■ TASK DIRECTIONS: Transcribe every line of the material below without change, apart from dropping the pictures.

■ RAW DATA:
%%

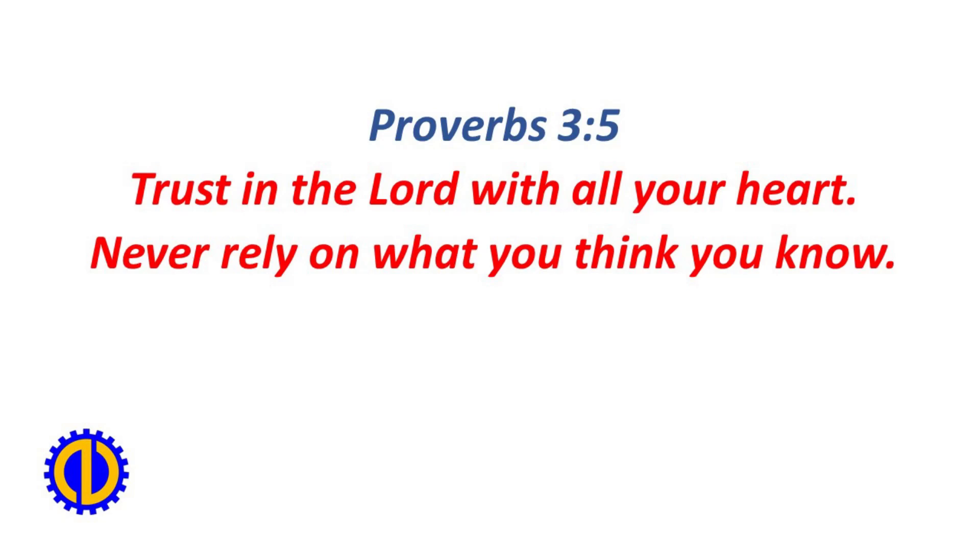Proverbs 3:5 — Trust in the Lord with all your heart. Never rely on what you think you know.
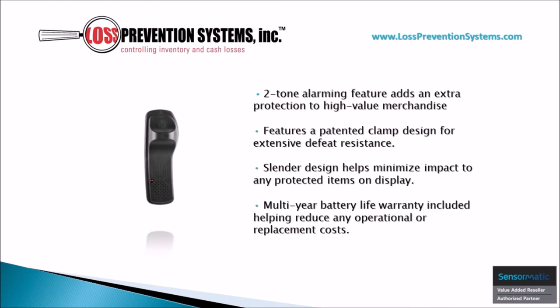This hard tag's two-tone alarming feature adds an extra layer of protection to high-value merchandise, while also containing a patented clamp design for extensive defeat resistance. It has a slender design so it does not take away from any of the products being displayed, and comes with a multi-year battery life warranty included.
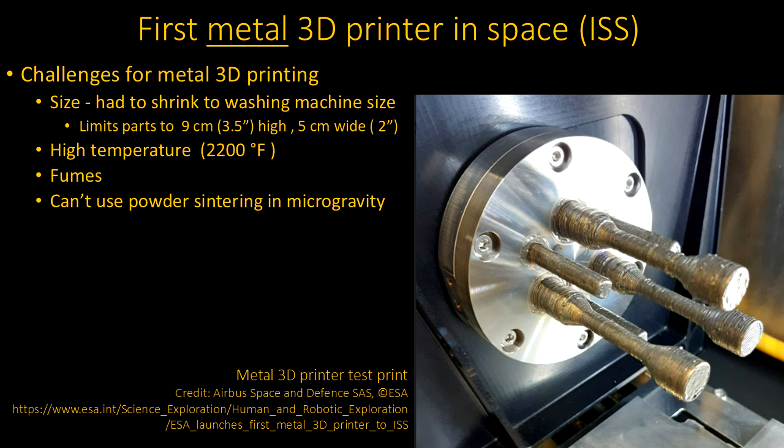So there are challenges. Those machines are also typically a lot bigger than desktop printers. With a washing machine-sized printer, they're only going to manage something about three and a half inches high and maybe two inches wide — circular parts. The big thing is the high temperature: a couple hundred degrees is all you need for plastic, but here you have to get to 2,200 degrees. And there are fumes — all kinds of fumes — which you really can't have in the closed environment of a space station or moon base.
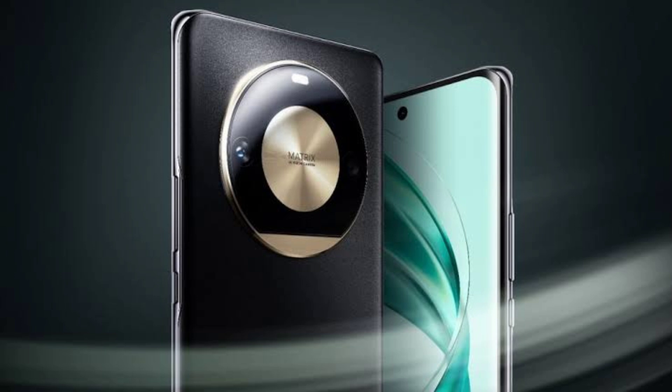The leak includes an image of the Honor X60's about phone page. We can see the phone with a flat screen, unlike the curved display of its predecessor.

%%

■ ANSWER TO THIS TASK:
Proverbs 3:5 — Trust in the Lord with all your heart. Never rely on what you think you know.
This hard tag's two-tone alarming feature adds an extra layer of protection to high-value merchandise, while also containing a patented clamp design for extensive defeat resistance. It has a slender design so it does not take away from any of the products being displayed, and comes with a multi-year battery life warranty included.
So there are challenges. Those machines are also typically a lot bigger than desktop printers. With a washing machine-sized printer, they're only going to manage something about three and a half inches high and maybe two inches wide — circular parts. The big thing is the high temperature: a couple hundred degrees is all you need for plastic, but here you have to get to 2,200 degrees. And there are fumes — all kinds of fumes — which you really can't have in the closed environment of a space station or moon base.
The leak includes an image of the Honor X60's about phone page. We can see the phone with a flat screen, unlike the curved display of its predecessor.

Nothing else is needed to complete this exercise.